Three people were killed and eight were injured in Holmes County, Mississippi, early Saturday when at least two people opened fire into a group of several hundred celebrating a school's homecoming football win at an outdoor trail after the game ended, authorities say.
The shooting at the trail was after homecoming for Holmes County Consolidated Schools, CBS affiliate WJTV reported. Anywhere from 200 to 300 people were on the trail celebrating, and the gunfire sent them fleeing, Sheriff Willie March said in a phone interview to the Associated Press. The gunfire was proceeded by a fight between some of the men at the celebration, but deputies hadn't yet learned what sparked the fight, March said.
The obvious answer is to entirely end drug prohibition.
Given the prevalence of drug use, it seems like prohibition doesn’t really exist. that one direction guy got all spun up and then jumped off a balcony. So I’m not sure that’s the answer to disorder. Responsible drug users, like responsible gun owners, are in short supply!

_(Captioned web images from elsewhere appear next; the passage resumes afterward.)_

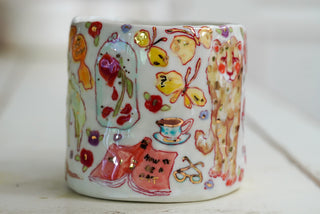 Cheetah & Pink Bicycle Mug 16 oz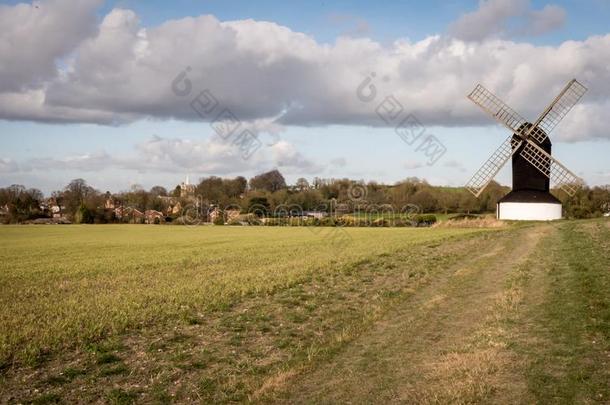 Pitstone风车,白金汉郡,英格兰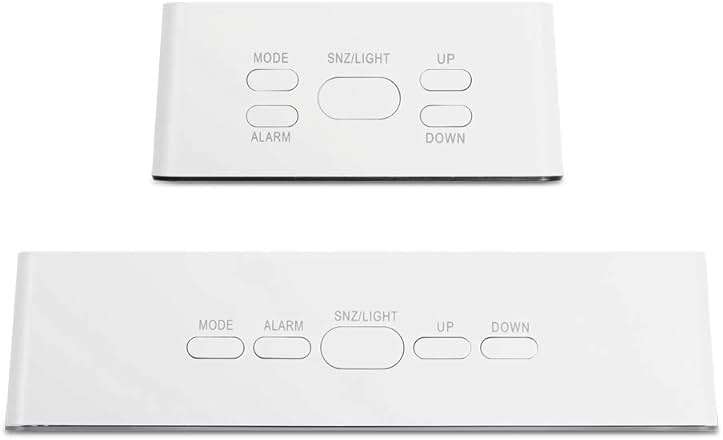 mooas LED Digital Mirror Clock 2 Types, Alarm/Snooze, Temperature, LED Mirror Clock (Rectangle) - Image 4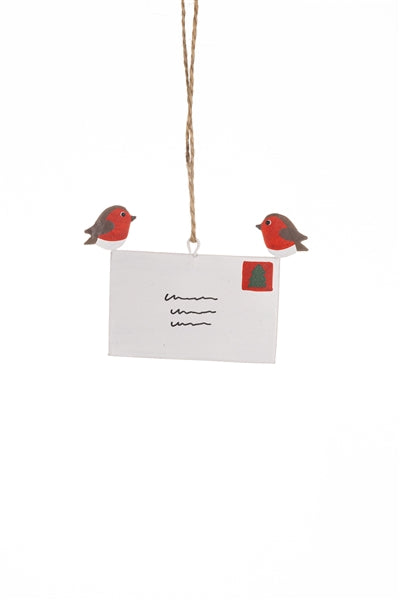 Delivering the Xmas Card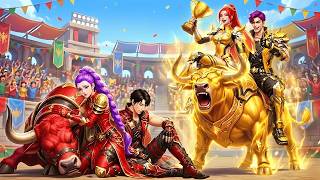 Golden Family VS Ruby Family: RUMI Gets Triceratops Racing Championship - KPOP Demon Hunters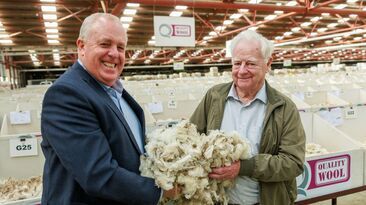 Wool industry leaders Mark Dyson, Quality Wool, and Rod Franklyn, Techwool Trading, are looking forward to the future after announcing the merger of their country wool marketing divisions.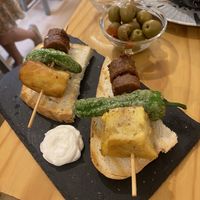   at La Vegana Taperia in Malaga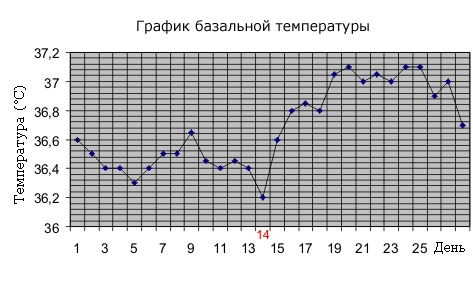 График базальной температуры
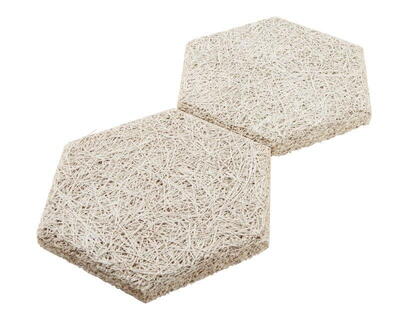 Fibrotech Hexagon træbeton - Hvid - RESTORDRE TIL UGE 9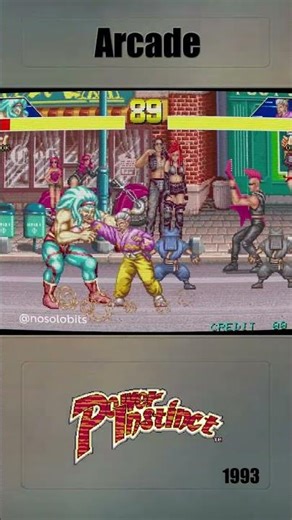 Power Instinct · Arcade · Atlus, 1993 #retrogaming #nostalgia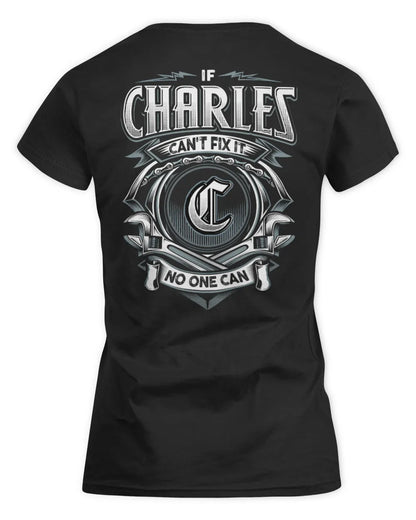 CHARLES AP81-K4-626 - Personalized Ahmed Quote Apparel “If Ahmed Can't Fix It, No One Can” - Women's Standard T-Shirt - Black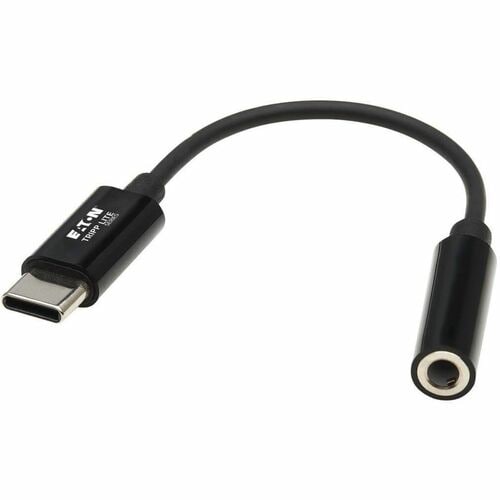 Adaptador USB-C a conector para auriculares de 3,5 mm de Tripp Lite by Eaton - Miniconector para teléfono/auricular de 7,9" (201,17 mm)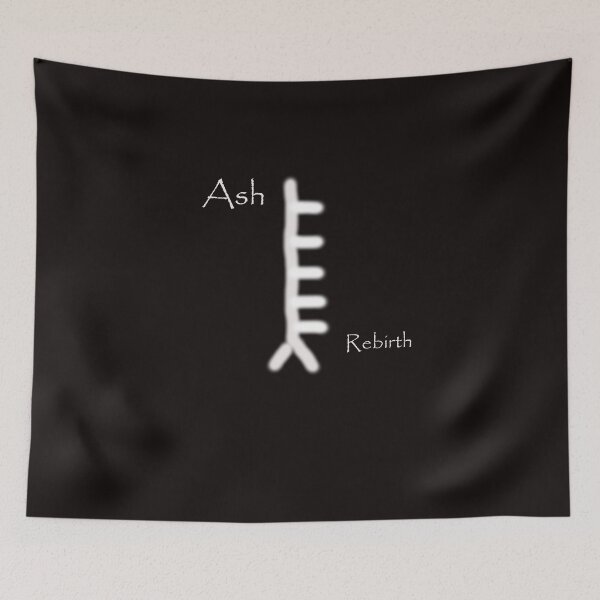 Item preview, Ash ogham rebirth designed and sold by PCUsher.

Prohibition has clearly failed, but it still exists. How many people are in jail for drug crimes (NOT "drug related crimes" but actual drug crimes such as possession, trafficking, and production)?
The data from places and times where drug prohibition doesn't exist says that responsible drug users are quite common. Also recall that marijuana is still illegal federally and in many states; it is by far the most widely used illegal drug, and the great majority of users are quite responsible and always have been.
So you’re saying Hamsterdam is not going to work the way it was hoped?
It looks to me like the FBI has an elevated T wave. They should see a cardiologist right away before it develops into a more dangerous arrhythmia.